Background: Fibroblast growth factor 23 (FGF23) regulates phosphate metabolism by increasing renal phosphate excretion and decreasing 1.25-dihydroxyvitamin D synthesis. Reports about hypophosphatemia in patients with chronic obstructive pulmonary disease (COPD) suggest altered phosphate metabolism. Therefore, we hypothesized that disturbances in phosphate-regulatory hormones such as FGF23 and parathyroid hormone (PTH) are present in COPD patients.
Methods: We investigated 40 COPD patients (63.5 ± 9.9 years, 27 male), each matched with two age- and sex-matched controls without any primary lung disease. COPD patients underwent lung function testing in advance. All patients had a glomerular filtration rate (GFR) > 60 mL/min/1.73m2. We measured concentrations of intact FGF23 (iFGF23) and c-terminal FGF23 (c-term FGF23), phosphate, parathyroid hormone (PTH) and C-reactive protein (CRP) levels in COPD patients and controls.

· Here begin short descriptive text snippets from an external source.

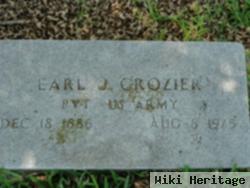 Earl J. Crozier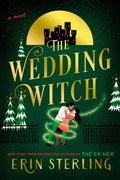 Cover: The Wedding Witch - HarperCollins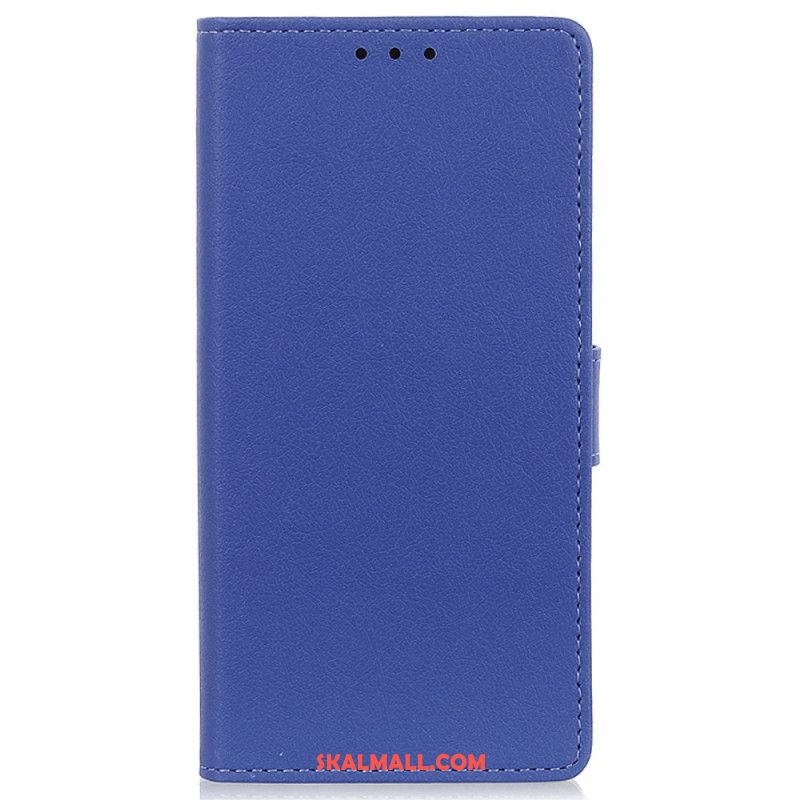 Fodral Oppo Reno 12 5g Klassisk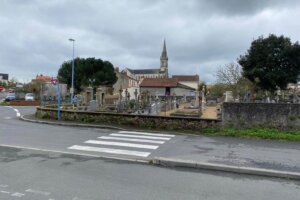 France 2023 Trip 4:7 -18 France 2023 Trip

Results: Phosphate (1.0 ± 02 vs. 1.1 ± 0.2 mmol/L; p = 0.027), PTH (54.2 ± 29.4 vs. 68.7 ± 31.8 pg/mL; p = 0.002) and iFGF23 (46.3 ± 29.0 vs. 57.5 ± 33.5 pg/mL; p = 0.026 ) levels were significantly lower in COPD patients compared with controls. There was a significant negative correlation between c-term FGF23 and total lung capacity (r = - 0.4; p = 0.01), and between c-term FGF23 and CRP in COPD patients (r = 0.48; p = 0.002). iFGF23 and c-term FGF23 were positively correlated with phosphate and PTH in the control group.
Conclusion: We confirmed lower average serum phosphate levels in COPD patients compared with controls. However, our data do not suggest a causative role for FGF23 or PTH in COPD because levels of both phosphate-lowering hormones appear to be adaptively decreased as well. Therefore, further investigations are needed to identify the pathogenesis of low phosphate levels in patients with COPD and the relationship between phosphate-regulatory hormones and disease progression.
Keywords: Chronic obstructive pulmonary disease; Fibroblast growth factor 23; Parathyroid hormone; Phosphate.